Il bilancio copre solo sei mesi per la decisione del management di effettuare il passaggio dell‘esercizio sociale dall‘anno solare adottato nell‘era Fininvest alla stagione sportiva, cioè dal 1°luglio al 30 giugno dell‘anno successivo.

RICAVI DALLA CINA PER ORA INFERIORI AD ATTESE

I primi tre mesi dell‘esercizio in corso, ha anticipato Fassone, hanno mostrato un aumento dei ricavi superiore alle aspettative, con l‘eccezione di quelli relativi alle attività commerciali in Cina, imputabile, secondo il management, ai ritardi burocratici dell‘avviamento del business.

Parlando con i piccoli soci, inoltre, l‘AD rossonero ha spiegato che la società prevede di raggiungere il breakeven al terzo anno di gestione, ha ribadito la possibilità di uno sbarco in Borsa su una piazza asiatica nel 2020 ed ha espresso fiducia nei confronti della decisione Uefa sulla proposta di voluntary agreement, presentata la settimana scorsa dal Milan, per derogare alla norme sul fair play finanziario.

La risposta dell‘organismo che governa il calcio europeo è attesa entro Natale.
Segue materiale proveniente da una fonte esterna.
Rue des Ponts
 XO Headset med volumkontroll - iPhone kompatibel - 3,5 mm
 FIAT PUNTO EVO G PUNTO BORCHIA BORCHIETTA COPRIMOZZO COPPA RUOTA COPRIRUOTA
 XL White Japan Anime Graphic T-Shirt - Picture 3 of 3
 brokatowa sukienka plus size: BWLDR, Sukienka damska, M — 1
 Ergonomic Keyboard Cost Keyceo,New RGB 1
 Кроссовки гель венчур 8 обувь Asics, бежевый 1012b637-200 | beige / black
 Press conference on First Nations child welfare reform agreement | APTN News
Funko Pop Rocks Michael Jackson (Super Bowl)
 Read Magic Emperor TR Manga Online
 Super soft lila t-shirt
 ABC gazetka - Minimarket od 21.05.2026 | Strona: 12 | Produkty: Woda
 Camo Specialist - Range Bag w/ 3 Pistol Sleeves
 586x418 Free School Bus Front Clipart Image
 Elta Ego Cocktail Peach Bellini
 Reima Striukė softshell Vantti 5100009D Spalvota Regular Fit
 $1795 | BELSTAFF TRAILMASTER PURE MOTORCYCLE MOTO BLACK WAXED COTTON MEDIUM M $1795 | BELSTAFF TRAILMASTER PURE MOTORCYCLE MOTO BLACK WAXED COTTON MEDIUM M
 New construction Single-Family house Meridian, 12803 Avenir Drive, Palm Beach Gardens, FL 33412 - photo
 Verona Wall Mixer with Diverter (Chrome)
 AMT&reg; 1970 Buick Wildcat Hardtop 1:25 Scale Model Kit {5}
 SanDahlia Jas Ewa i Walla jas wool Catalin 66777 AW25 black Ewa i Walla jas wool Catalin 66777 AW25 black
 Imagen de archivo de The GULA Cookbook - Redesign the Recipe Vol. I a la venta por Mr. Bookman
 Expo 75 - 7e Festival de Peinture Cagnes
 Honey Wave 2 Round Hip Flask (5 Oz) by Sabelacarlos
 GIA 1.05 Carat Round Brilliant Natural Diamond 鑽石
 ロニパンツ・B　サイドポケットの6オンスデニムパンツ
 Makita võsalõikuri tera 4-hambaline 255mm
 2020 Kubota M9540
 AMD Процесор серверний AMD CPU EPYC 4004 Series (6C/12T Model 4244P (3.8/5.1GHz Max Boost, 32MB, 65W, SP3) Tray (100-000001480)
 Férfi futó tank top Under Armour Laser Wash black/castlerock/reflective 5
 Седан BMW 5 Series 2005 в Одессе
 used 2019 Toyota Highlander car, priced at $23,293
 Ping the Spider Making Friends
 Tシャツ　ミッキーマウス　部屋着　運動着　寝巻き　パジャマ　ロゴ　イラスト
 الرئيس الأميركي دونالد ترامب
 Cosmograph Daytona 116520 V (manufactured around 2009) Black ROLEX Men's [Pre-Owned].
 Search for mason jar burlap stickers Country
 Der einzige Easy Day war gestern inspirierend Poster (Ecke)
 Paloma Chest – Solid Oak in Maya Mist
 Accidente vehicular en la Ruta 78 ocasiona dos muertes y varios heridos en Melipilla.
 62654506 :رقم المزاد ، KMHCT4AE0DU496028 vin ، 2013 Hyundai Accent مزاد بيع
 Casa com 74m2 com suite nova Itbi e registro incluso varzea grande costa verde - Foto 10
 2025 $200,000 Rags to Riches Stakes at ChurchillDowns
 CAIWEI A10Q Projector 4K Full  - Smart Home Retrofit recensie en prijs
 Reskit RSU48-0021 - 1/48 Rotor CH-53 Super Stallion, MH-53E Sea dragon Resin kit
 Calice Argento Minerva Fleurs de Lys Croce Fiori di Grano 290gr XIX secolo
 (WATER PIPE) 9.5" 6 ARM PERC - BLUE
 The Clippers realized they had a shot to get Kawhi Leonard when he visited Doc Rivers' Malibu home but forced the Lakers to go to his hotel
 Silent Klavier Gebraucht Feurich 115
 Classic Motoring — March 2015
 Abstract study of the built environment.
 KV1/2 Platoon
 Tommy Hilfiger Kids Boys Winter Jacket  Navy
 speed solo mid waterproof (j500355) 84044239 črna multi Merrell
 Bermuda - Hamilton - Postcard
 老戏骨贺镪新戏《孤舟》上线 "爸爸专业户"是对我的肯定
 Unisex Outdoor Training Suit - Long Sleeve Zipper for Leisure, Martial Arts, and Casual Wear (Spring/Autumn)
Nei piani presentati all‘Uefa non è previsto uno stadio di proprietà, che però resta un obiettivo di medio termine, ha assicurato l‘AD.

La società rossonera preferirebbe restare a San Siro, impianto del Comune di Milano, attualmente condiviso con i cugini dell‘Inter, anch‘essi interessati ad un utilizzo esclusivo. Sono state perciò avviate le prime ricerche per altre possibili soluzioni. Sarà annunciato all‘inizio dell‘anno il nuovo sponsor tecnico che subentrerà ad Adidas.